ETD

Archivio digitale delle tesi discusse presso l'Università di Pisa

Tesi etd-09222009-103041


Tipo di tesi
Tesi di laurea vecchio ordinamento
Autore
ROZZIA, DAVIDE
URN
etd-09222009-103041
Titolo
Modelling of pellet-clad interaction during power ramp in water reactor fuel
Dipartimento
INGEGNERIA
Corso di studi
INGEGNERIA NUCLEARE
Relatori
relatore Dott. Del Nevo, Alessandro
relatore Prof. Oriolo, Francesco
relatore Prof. D'Auria, Francesco Saverio
Parole chiave
  • Transuranus code
  • PCI
  • SCC
  • TU
Data inizio appello
12/10/2009
Consultabilità
Non consultabile
Data di rilascio
12/10/2049
Riassunto
The comprehensive understanding of fuel rod behavior and accurate prediction of the lifetime in normal operation and in accident conditions are part of the defense in depth concept.
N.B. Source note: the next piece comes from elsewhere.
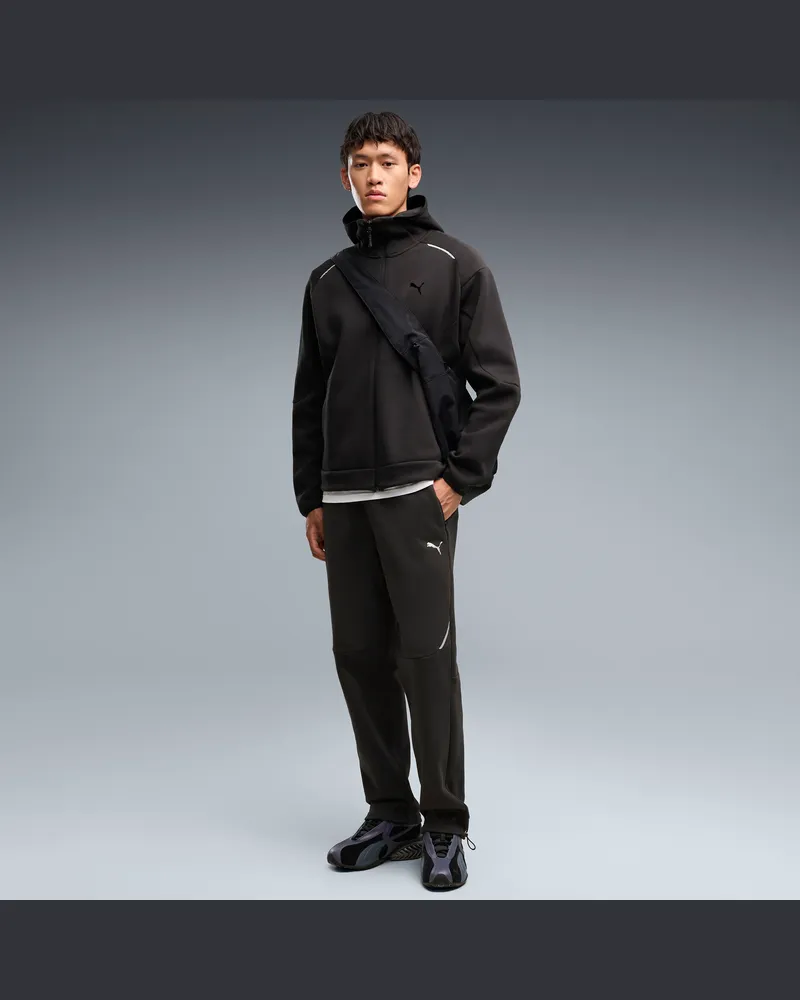 Puma Pantaloni in pile TECH Far InfraRosso da uomo, Abbigliamento, Nero Black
The research in the field involves the availability of experimental data and the development of advanced computational tools suitable for a reliable, best estimate simulation of the fuel behavior.
In this connection, OECD NEA sets up the “public domain database on nuclear fuel performance experiments for the purpose of code development and validation – International Fuel Performance Experiments (IFPE) database”, with the aim of providing a comprehensive and well-qualified database on UO2 fuel with Zr cladding for models development and codes validation. This database includes the data sets of carried out at Studsvik in the framework of the Inter-Ramp BWR and Super-Ramp PWR Projects.
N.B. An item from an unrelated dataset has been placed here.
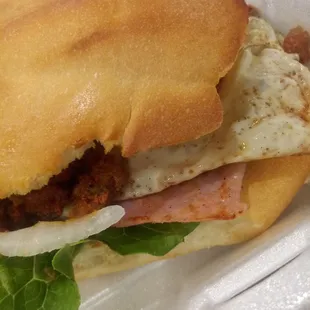 Torta loca with egg.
The phenomenon addressed in this activity is the pellet cladding interaction (PCI). In particular, special attention is given to the cladding failure during power ramps (stress corrosion cracking), caused by the combined effects of the clad stress occurring in the region of the pellets ends and the presence of aggressive fission products (e.g. iodine).
The first part of this work is focused in the descriptions of the phenomena occurring in fuel and cladding during normal irradiation and during power ramps in light water reactors.
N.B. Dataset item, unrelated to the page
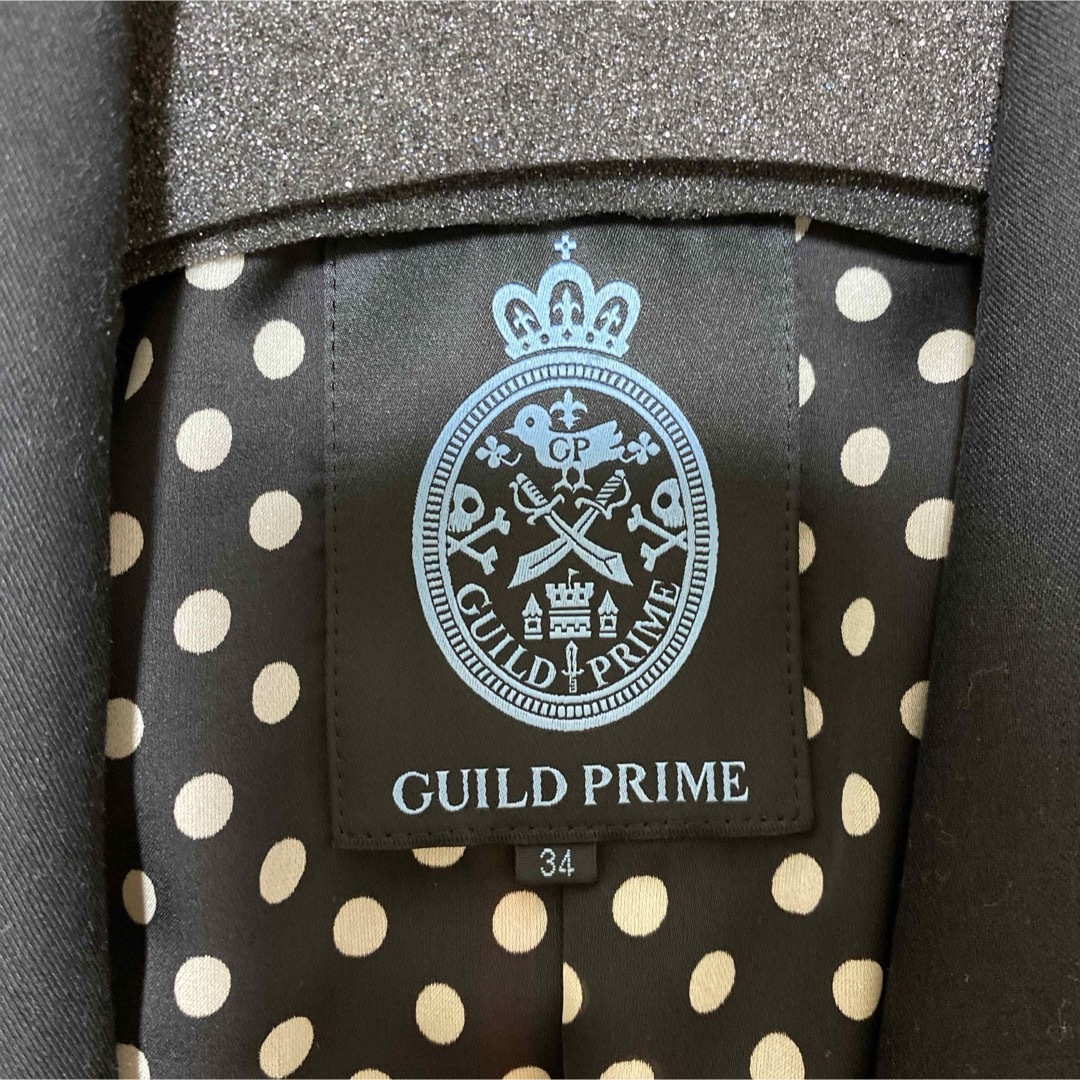 GUILD PRIME(ギルドプライム)の【GUILD PRIME】ブラックダブルハーフスリーブジャケット レディースのジャケット/アウター(テーラードジャケット)の商品写真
In the second part the code TRANSURANUS version “v1m1j08” is assessed against the databases Inter-Ramp and Super-Ramp in order to verify the capability of the code in predicting the failures due to stress corrosion cracking and the associated phenomena prior and after ramps.
The results presented include the complete set of simulations of all rods irradiated in the Studvisk R2 reactor and the corresponding comparisons with the experimental data. Sensitivity calculations are also performed to address the influence of the boundary conditions implemented and the choice of the different code options on results.
Finally conclusions are presented with the aim to compare the results obtained from the two simulations.